* **TASK INSTRUCTIONS**
Your answer must be an exact copy of the lines below, from the first through the one with "dr日系穿搭博主复古萝卜裤九分高腰后松紧牛仔裤女秋季宽松", with no pictures.

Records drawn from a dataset
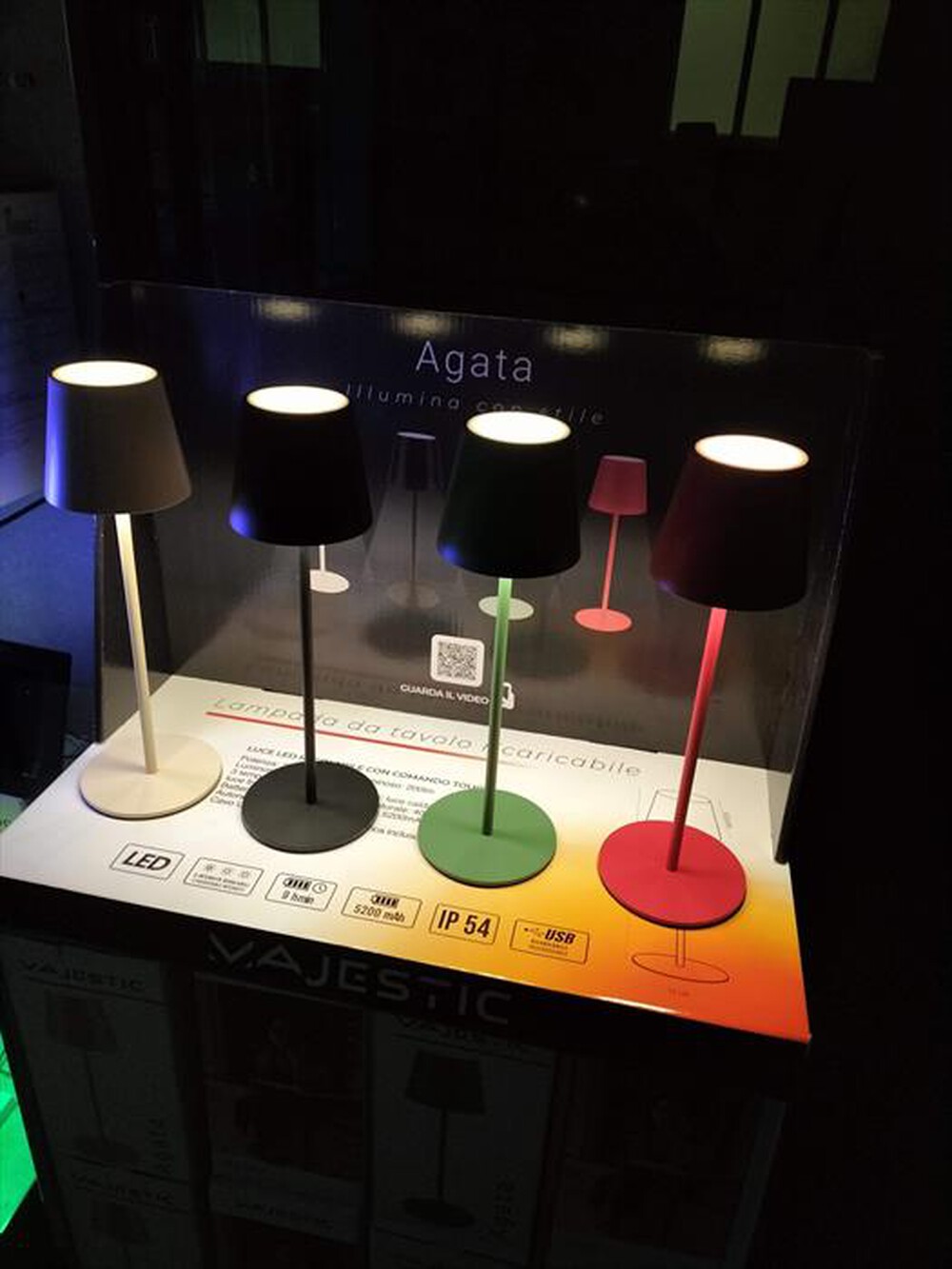 "MAJESTIC - Lampada d'appoggio AGATA-NERO"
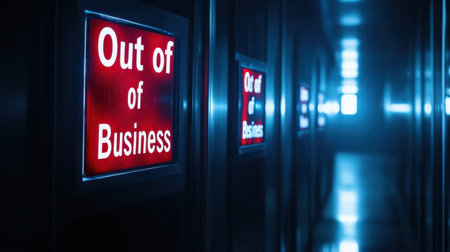 Dark cityscape with Out of Business signs in several windows, urban recession scene, no movementの素材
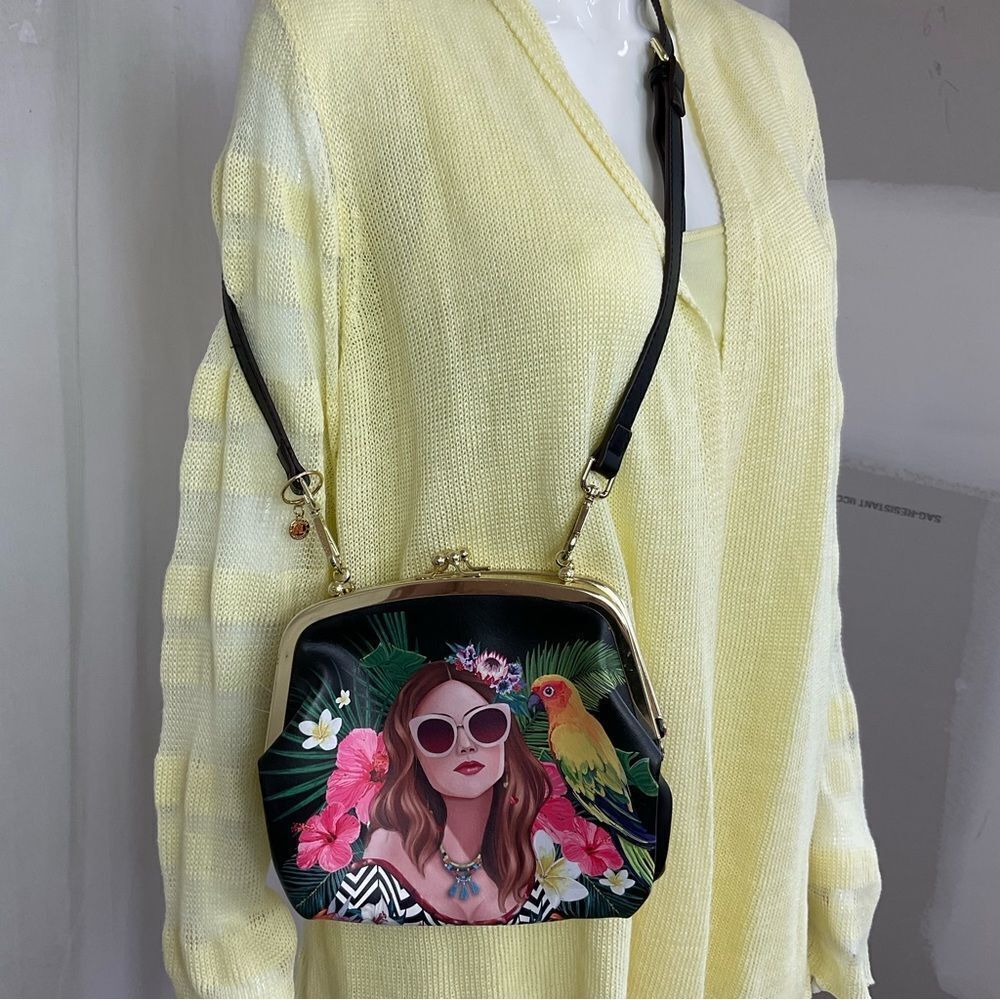 NEW Nicole Lee Woman In Jungle Graphic Shoulder Crossbody Purse Clutch Black
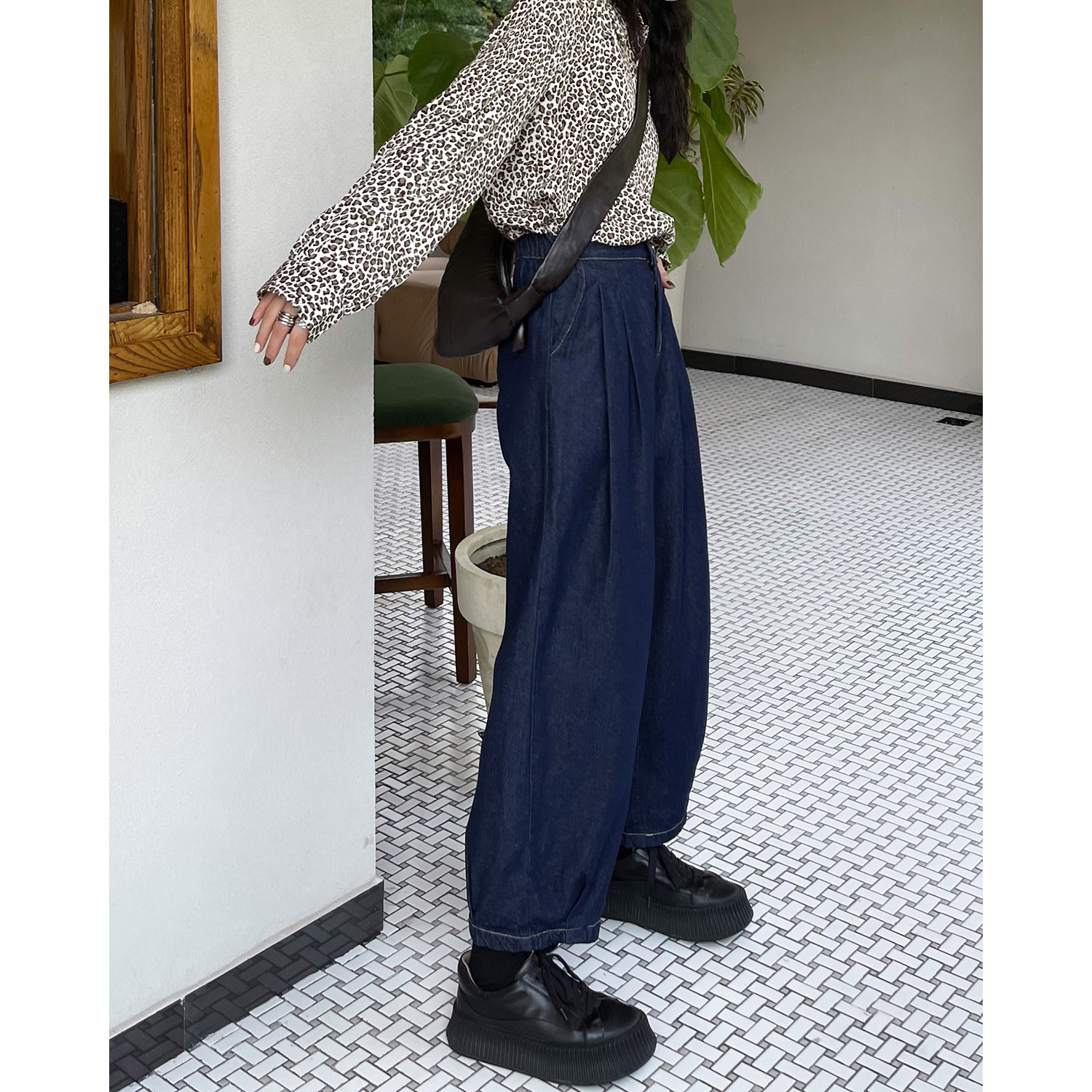 dr日系穿搭博主复古萝卜裤九分高腰后松紧牛仔裤女秋季宽松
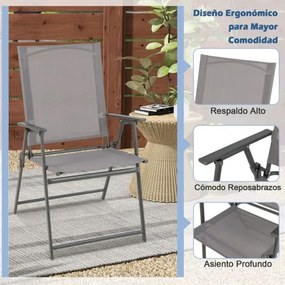 Conjunto de 2 cadeiras de jardim dobráveis com encosto alto Cadeira de jardim exterior portátil em metal de tecido resistente Cinzentas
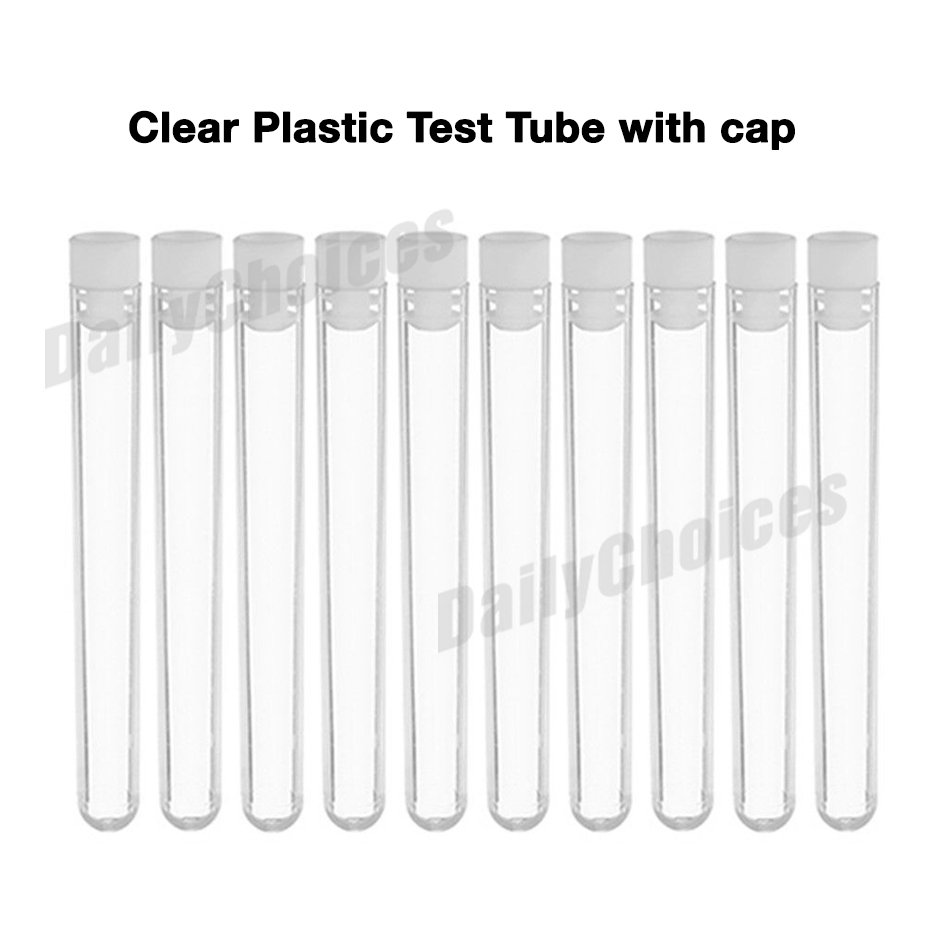 1060pcs Clear Plastic Test Tube Set with Push Caps Containers Vials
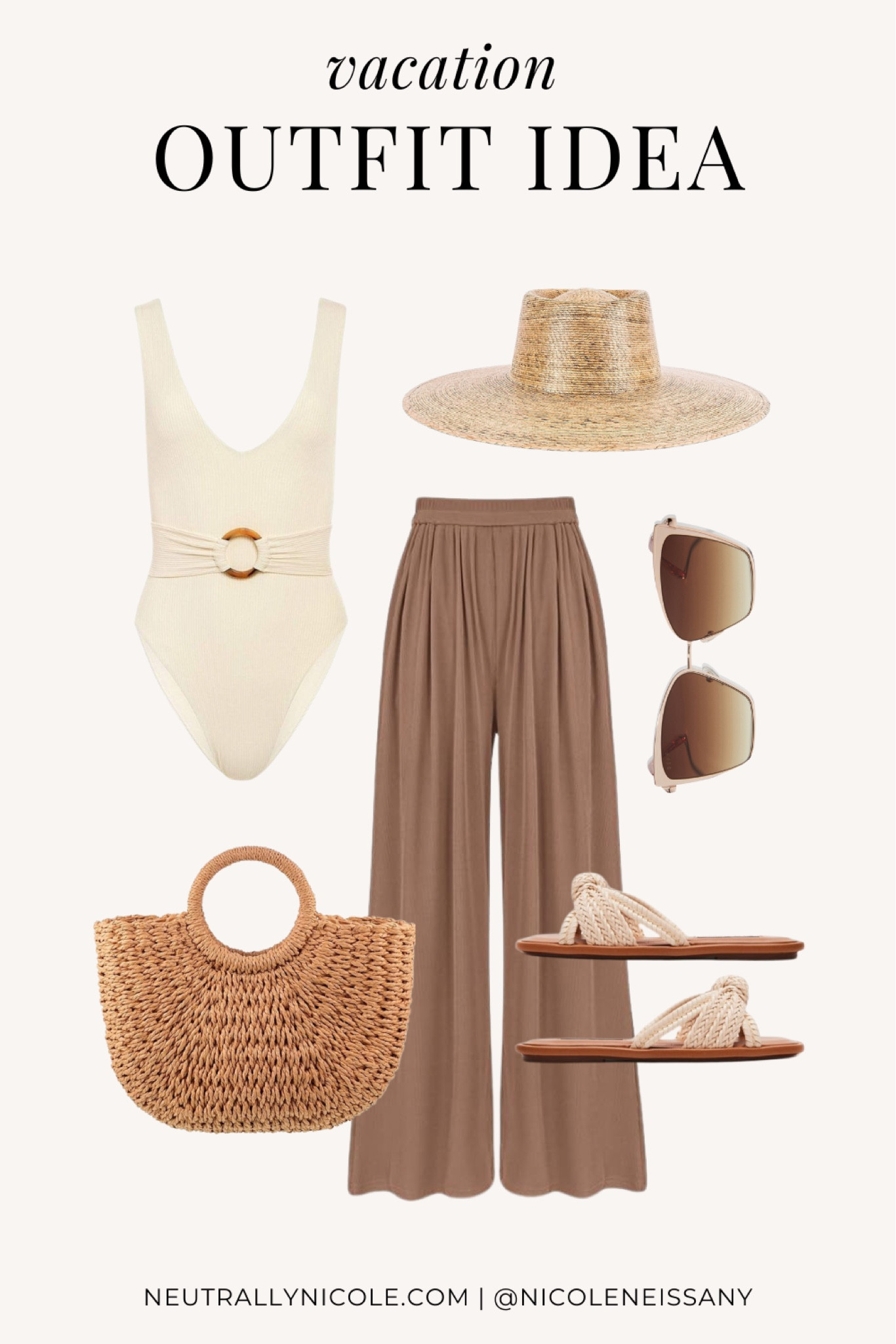 Vacation outfit

// resort wear, resort style, resort outfit, vacation outfits, vacation wear, pool outfit, beach outfit, swim cover up, swim coverup, swim suit cover up, beach cover up, beach coverup, swimsuit, swim suit, swimwear, one piece swimsuit, one piece swim suit, one piece swimwear, one piece bathing suit, beach pants, wide leg pants, coverup pants, cover up pants, straw hat, beach hat, straw bag, beach bag, beach tote bag, cat eye sunglasses, flip flops, sandals, Montce Swim, Amazon fashion, Revolve, DIFF eyewear, neutral outfit, neutral fashion, neutral style, Nicole Neissany, Neutrally Nicole, neutrallynicole.com (3.23)

#LTKfindsunder100 #LTKsalealert #LTKitbag #LTKfindsunder50 #LTKswim #LTKtravel #LTKSeasonal #LTKshoecrush #LTKstyletip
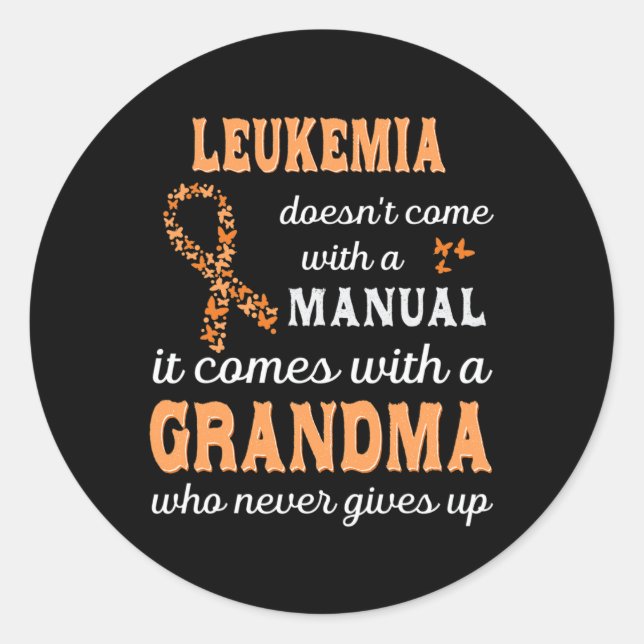 Awareness Grandma Support Leukaemia Warrior  Classic Round Sticker (Front)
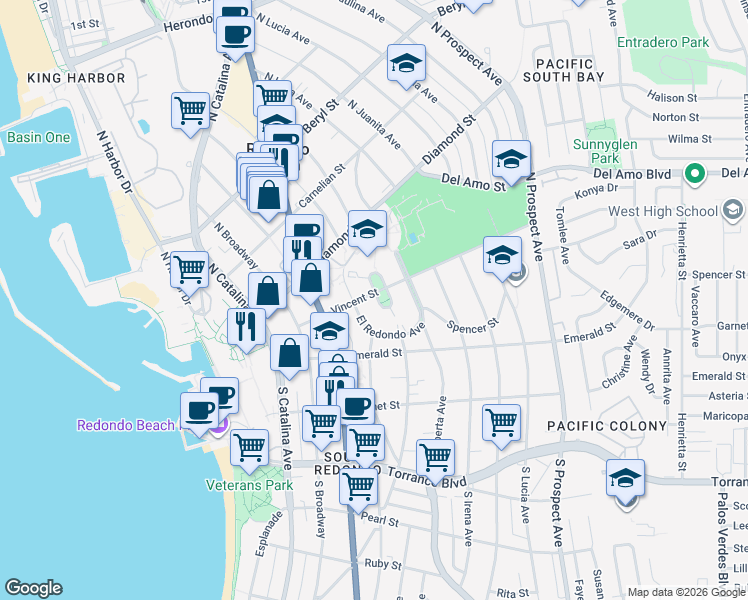 map of restaurants, bars, coffee shops, grocery stores, and more near 620 Vincent Park in Redondo Beach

* **EXERCISE ANSWER**
 "MAJESTIC - Lampada d'appoggio AGATA-NERO"
 Dark cityscape with Out of Business signs in several windows, urban recession scene, no movementの素材
 NEW Nicole Lee Woman In Jungle Graphic Shoulder Crossbody Purse Clutch Black
 dr日系穿搭博主复古萝卜裤九分高腰后松紧牛仔裤女秋季宽松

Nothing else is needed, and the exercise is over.